Ian Felton

New York, ianfeltonstudio.com
Ian Felton is one of that rare breed who seem to emerge from design school fully formed and ready to take on the world, so assured and sophisticated was his debut, which launched at Michael Bargo’s gallery this fall (an imprimatur of cool if we’ve ever seen one). In reality, Felton spent more than a year just thinking about and researching his Kosa collection before starting work on it, imbuing each beautiful piece with a clear sense of narrative and history. 

What is American design to you, and what excites you about it?

I think what’s so exciting about American design is that we’re still such a young/diverse culture comparatively speaking. I hate to be cliché, but there’s such a melting pot of cultures and backgrounds, in New York especially. Albeit, we’re a capitalist economy so creation is driven by need, trend, and demand, but there’s such a vast and supportive market for artists and creatives so the burdens for abiding by the rules or cultural/historic normalcies sort of fall away — and people see the truth behind that.

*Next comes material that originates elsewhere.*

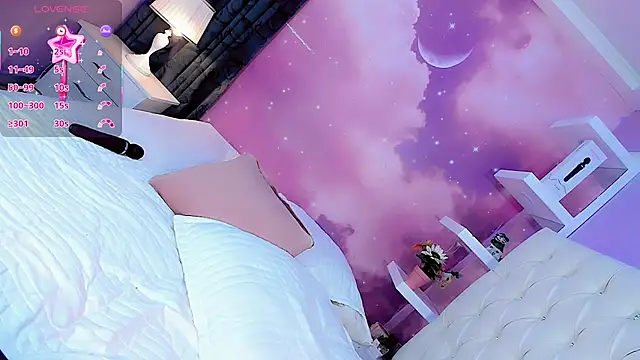 Lexxy_Mattell live cam on StripChat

What are your plans and highlights for the upcoming year?

I’ll be presenting all new works at an offsite show during Milan Design week with a small new gallery. Hopefully, I’ll be debuting these works with a new materiality I’ve been developing for the past year or so. Other than that, I have a few small interior design projects actually — one residential apartment in Madrid with my partner in crime Valerie Name (an interior designer) and maybe a few other interiors, and obviously developing more new work!

What inspires or informs your work in general?

This first collection took a lot of reference from Pre-Columbian artifacts, but I think more broadly I’m fascinated with anthropology. I’m quite new ‘to the scene’ I guess you could say but I think I’ll continue to find inspiration in antiquity. As a species, we’ve been so fixated on mass consumption and rapid progression beyond consequence, I think there’s definitely something to be said about looking into the annals of human creation back when we were more connected to environment and storytelling.